Aurelia’s lips pressed together, turning white.
“I thought you had business today. You said your afternoon was quite full when I asked you to stop by the fundraiser.” She tossed her head, the perfect curls bouncing like springs. “And yet”—she was speaking through clenched teeth—“here you are, ‘touring the house.’ I thought we weren’t beholden to the Eternal Flame anymore.”
Helena stood very still.
Ferron’s eyes flicked upwards for a moment. “The High Necromancer was quite clear that this assignment takes precedence over everything else. Those are my orders.”
Aurelia gave a sharp, shattering laugh. “But you’ve already killed the rest of the Eternal Flame, so why does she matter?”
“Whatever the High Necromancer wishes to be done, I fulfil,” Ferron said with the impatience of someone who’d had this argument many times already. “If he wanted handmade paper clips, I’d do that with equal devotion.”
He wasn’t even looking at his wife anymore. His gaze passed over Aurelia’s head, staring at a mirror that reflected himself and Helena.
“Ah, and that’s supposed to explain why you spend so much time with her. And when you’re not, it’s the thralls following her.” Aurelia scoffed. “As if she’ll disappear otherwise.” She cast a hateful glare at Helena. “There’s no need to act as if she’s anything precious. I asked Stroud, and she told me: She was a nobody.
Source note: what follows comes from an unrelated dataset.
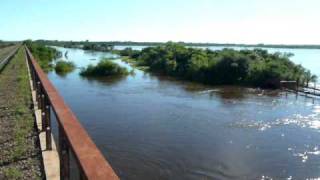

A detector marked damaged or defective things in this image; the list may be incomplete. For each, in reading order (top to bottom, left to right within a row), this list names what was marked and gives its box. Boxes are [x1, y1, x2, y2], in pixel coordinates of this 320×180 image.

rusty metal railing [25, 46, 119, 180]
rust stain on metal [25, 46, 119, 180]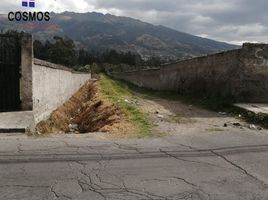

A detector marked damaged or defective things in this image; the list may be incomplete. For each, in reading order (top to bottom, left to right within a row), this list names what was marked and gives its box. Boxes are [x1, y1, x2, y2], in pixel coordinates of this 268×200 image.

No one’s coming for her, but you’re still hovering about like you’re hoarding her.”
Ferron gave a dark laugh, and a glint entered his eyes as they dropped from the mirror to Aurelia. Uncertainty flashed across her face, as if she was caught off guard by the weight of his attention.
“I thought you didn’t want to lay eyes on her, Aurelia.” The way he said his wife’s name was unnervingly intimate.
Aurelia flushed, the colour rising from her neck and staining her cheeks.
Ferron stepped towards her. “If you feel that I’m hoarding her, keeping her all to myself, perhaps I should include you more. She could have dinner with us. I could move her into our wing of the house, bring her when we visit the city. Perhaps we should have included her in that solstice photo that you bought.”
Aurelia was turning paler and paler.
“The world already knows she’s mine,” Ferron said, his words pointed, “but if you’d like, I can remind them. I wouldn’t want you to think I’m hiding anything, my dear.”
Aurelia trembled as if on the verge of imploding.